Но надо было расстаться и идти в комнату свиданий, где меня ждал аббат Легаль. На обратном пути я снова увидел мадам Легро, — она подстерегала меня у входа. Мы снова поплакали вместе, и по милости сжалившихся над нами сторожей я даже смог сказать ей несколько слов. Наконец мы разошлись: я — с утешением в груди, а она — воспламененная новым мужеством.
Вскоре одно неожиданное событие еще больше окрылило наши надежды: 22 октября 1781 года родился дофин[14]. В Париже по этому поводу было объявлено помилование преступников. Могла ли невинность оказаться в худшем положении, чем порок? Мы были далеки от подобных опасений. Мадам Легро прислала мне экземпляр королевской грамоты, согласно которой учреждалась особая комиссия, обязанная осмотреть все тюрьмы столицы и Версаля. «На основании представленного нам отчета, — гласил этот документ, — мы помилуем тех, чью вину мы признаем заслуживающей снисхождения».
Неужели же я не попаду в число этих людей, я, который молил не о милости, а лишь о справедливости. Ведь даже враги мои не обвиняли меня в каком-либо преступлении, и единственным их оружием против меня была клевета.
Комиссия явилась в Бисетр 17 мая 1782 года. Перед ней прошли все заключенные. Был вызван на допрос и я. Я предстал перед королевскими уполномоченными в том ужасном виде, какой я уже описывал выше. Моя заботливая покровительница, вникавшая решительно во все, что могло бы привести нас к цели, дала мне указания, как себя вести. Я заранее обдумал маленькую, но убедительную речь, которую и произнес перед комиссией.
Некоторые из членов ее, видимо, заинтересовались мною. А кардинал Роган выказал даже более активное сочувствие. Этот истинно добрый человек выслушал меня с глубоким вниманием и не мог скрыть охватившего его волнения. Все его поведение по отношению ко мне делало ему честь, и я считаю своим долгом громко сказать об этом.
Один из судей задал мне несколько вопросов и приказал записать мои ответы. Кардинал, со своей стороны, продиктовал своим помощникам какое-то замечание. Я был уверен, что оно касалось меня, и, как оказалось впоследствии, я не ошибся.
Я спокойно созерцал членов комиссии.
Вместо ужаса и отвращения, которые, естественно, должен был вызывать у них мой вид, я прочитал на их лицах чувство удовлетворения. «Они хотят вернуть мне счастье и свободу» — подумал я, и сердце мое наполнилось надеждой. Я собирался уже уходить, как вдруг увидел среди судей Сартина, — сына моего преследователя. Испугавшись, как бы его отец не настроил его против меня, я тут же обратился к присутствовавшему при этом Тристану, одному из тюремных надзирателей, и сказал ему:
— Я только что убедил судей в моей невинности.

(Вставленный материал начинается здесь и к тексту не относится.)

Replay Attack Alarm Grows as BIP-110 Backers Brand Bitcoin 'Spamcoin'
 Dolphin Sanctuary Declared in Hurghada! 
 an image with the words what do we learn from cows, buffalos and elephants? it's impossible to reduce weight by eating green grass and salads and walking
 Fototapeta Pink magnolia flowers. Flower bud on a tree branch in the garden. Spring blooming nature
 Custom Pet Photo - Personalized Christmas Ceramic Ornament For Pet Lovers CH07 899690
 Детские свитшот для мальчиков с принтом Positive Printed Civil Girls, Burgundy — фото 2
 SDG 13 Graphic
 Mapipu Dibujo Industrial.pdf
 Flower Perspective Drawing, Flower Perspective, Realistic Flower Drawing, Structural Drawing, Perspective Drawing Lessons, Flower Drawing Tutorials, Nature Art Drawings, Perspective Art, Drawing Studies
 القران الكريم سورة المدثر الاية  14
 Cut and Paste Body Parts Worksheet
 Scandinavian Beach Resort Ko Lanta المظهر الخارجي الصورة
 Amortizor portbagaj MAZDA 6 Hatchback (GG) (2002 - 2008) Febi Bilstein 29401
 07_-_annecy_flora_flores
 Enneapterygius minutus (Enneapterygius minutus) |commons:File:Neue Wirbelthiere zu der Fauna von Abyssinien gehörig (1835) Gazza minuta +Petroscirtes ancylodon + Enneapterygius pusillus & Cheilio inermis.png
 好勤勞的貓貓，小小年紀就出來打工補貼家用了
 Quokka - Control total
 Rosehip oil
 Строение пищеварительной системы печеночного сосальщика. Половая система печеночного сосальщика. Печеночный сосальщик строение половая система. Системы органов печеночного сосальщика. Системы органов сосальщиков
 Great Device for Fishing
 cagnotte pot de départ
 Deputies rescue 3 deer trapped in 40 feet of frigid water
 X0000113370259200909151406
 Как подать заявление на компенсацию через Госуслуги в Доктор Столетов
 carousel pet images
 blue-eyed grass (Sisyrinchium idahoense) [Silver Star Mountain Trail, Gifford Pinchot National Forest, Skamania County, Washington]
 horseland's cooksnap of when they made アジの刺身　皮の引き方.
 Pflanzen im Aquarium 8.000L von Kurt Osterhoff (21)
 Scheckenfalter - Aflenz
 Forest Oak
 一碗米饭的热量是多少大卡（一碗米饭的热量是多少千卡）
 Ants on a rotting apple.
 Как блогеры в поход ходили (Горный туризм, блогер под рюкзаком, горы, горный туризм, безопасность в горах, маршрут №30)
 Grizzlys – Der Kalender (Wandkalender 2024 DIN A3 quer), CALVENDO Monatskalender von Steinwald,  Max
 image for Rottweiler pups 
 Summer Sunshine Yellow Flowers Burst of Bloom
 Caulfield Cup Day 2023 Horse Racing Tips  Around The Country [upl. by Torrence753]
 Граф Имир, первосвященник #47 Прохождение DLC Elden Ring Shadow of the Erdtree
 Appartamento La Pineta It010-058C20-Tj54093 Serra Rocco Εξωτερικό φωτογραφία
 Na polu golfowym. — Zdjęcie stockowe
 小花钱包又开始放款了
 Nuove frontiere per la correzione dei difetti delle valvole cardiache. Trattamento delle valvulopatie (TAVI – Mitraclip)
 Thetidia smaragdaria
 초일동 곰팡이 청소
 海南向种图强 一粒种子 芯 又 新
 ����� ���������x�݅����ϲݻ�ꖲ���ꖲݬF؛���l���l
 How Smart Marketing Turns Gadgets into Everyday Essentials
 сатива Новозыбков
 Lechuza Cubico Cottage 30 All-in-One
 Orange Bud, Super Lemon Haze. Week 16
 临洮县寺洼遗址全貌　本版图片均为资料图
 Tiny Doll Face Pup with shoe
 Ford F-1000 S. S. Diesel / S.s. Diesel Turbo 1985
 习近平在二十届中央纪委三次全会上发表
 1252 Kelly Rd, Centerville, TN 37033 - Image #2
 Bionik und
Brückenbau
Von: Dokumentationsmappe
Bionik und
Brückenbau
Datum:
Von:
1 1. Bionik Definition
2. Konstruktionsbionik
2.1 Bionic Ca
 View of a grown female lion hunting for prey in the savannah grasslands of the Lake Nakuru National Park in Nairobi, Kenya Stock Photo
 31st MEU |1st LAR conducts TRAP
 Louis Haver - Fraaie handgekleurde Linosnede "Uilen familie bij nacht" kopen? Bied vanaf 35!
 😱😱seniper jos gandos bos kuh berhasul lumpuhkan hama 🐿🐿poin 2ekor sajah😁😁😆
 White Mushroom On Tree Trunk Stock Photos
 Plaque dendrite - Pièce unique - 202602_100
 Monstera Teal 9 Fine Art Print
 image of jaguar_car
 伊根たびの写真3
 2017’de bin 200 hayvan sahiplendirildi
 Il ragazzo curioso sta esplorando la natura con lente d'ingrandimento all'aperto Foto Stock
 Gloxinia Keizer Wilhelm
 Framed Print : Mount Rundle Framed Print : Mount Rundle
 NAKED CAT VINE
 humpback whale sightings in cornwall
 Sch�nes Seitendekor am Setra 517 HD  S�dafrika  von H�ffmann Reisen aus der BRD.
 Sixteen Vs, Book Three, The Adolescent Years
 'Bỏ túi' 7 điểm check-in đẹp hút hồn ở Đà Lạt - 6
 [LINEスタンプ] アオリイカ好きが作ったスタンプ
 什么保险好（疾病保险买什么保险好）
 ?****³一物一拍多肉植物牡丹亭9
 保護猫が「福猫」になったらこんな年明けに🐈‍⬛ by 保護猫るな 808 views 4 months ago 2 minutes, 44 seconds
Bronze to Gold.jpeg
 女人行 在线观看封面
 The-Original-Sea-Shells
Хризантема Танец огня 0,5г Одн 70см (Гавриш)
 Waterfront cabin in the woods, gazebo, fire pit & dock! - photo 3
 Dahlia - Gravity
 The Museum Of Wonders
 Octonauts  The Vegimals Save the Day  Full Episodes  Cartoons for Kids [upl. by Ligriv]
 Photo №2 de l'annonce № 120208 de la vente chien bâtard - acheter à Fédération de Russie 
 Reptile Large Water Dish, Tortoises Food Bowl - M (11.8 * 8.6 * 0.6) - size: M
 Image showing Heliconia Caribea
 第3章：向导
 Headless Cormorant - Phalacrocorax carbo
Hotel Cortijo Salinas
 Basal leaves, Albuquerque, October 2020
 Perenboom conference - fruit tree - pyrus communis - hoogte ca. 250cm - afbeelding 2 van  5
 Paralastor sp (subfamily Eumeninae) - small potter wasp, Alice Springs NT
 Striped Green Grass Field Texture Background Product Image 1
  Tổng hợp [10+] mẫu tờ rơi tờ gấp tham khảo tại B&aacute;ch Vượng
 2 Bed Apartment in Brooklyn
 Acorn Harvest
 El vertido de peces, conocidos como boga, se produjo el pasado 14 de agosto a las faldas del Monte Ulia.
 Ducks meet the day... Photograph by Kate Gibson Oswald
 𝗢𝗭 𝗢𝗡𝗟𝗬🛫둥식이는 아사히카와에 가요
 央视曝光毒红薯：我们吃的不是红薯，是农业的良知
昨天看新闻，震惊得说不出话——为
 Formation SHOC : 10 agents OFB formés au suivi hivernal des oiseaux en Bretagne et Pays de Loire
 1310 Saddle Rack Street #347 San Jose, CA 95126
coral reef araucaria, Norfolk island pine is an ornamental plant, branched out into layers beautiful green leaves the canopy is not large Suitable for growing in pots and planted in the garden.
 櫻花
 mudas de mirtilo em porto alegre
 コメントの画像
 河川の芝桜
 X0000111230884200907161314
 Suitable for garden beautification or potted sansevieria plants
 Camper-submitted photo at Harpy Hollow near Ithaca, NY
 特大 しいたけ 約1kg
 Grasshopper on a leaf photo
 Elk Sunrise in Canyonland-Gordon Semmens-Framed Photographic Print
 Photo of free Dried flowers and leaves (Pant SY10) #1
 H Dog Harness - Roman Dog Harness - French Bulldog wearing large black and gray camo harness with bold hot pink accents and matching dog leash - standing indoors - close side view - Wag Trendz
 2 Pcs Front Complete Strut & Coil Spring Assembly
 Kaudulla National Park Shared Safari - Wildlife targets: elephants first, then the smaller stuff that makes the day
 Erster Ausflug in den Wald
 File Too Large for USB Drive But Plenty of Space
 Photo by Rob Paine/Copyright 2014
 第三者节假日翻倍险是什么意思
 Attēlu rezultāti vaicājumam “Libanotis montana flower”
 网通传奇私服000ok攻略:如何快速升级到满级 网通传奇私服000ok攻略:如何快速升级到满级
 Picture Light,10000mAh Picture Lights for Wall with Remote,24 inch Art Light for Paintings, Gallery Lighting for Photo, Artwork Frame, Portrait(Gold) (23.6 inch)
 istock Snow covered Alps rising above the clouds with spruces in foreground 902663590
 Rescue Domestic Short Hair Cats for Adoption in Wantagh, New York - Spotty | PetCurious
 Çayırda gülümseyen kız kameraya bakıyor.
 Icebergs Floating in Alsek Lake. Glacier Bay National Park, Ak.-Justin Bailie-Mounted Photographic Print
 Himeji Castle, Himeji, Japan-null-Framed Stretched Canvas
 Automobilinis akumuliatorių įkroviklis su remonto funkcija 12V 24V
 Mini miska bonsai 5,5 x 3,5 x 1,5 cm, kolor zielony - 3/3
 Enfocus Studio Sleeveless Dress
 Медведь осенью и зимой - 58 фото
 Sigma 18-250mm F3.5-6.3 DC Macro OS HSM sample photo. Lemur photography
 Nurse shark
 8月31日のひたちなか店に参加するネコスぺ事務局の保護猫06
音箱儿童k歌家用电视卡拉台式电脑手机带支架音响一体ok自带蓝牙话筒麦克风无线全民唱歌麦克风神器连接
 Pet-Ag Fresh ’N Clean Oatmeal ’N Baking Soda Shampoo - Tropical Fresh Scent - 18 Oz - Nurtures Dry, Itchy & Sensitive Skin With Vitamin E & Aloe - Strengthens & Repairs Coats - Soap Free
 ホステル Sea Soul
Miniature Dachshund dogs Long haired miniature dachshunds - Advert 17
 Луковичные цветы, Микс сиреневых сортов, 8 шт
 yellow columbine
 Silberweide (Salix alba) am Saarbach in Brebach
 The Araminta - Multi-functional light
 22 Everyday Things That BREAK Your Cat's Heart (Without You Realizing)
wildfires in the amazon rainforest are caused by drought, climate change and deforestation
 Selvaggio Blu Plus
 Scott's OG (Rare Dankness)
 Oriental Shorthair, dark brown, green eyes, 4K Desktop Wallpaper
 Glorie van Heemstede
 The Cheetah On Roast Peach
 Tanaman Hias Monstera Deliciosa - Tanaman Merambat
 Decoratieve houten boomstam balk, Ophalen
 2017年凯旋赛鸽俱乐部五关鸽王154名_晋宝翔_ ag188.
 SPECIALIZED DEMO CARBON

Я осмелился вызвать на бой всех моих обвинителей. В течение шести лет я нахожусь под вашим присмотром в казематах этой тюрьмы. Скажите, доставил ли я вам за эти шесть лет малейший повод к неудовольствию?
— Нет, — ответил он.
После этого я вежливо поклонился всем и вышел.
Два дня спустя, когда я в одиночестве предавался размышлениям по поводу всего происшедшего, ко мне вдруг явился посланный кардинала Рогана — господин Карбонье. По его словам, этот князь церкви обещал мне свою поддержку, советовал не падать духом и посылал денежную помощь…
Несколько долгих месяцев я тщетно ждал исполнения этого обещания. Ободренный расположением ко мне кардинала, я осмелился ему написать и напомнить о себе. Я просил его хотя бы перевести меня из каземата, где мой организм окончательно разрушался. Роган немедленно прислал ко мне своего секретаря, того же Карбонье, который привез приказание поместить меня здоровую и удобную комнату и опять передал мне небольшую сумму денег. Вместе с тем кардинал просил меня запастись терпением и обещал заняться мной, как только он освободится от работы по многочисленным делам комиссии.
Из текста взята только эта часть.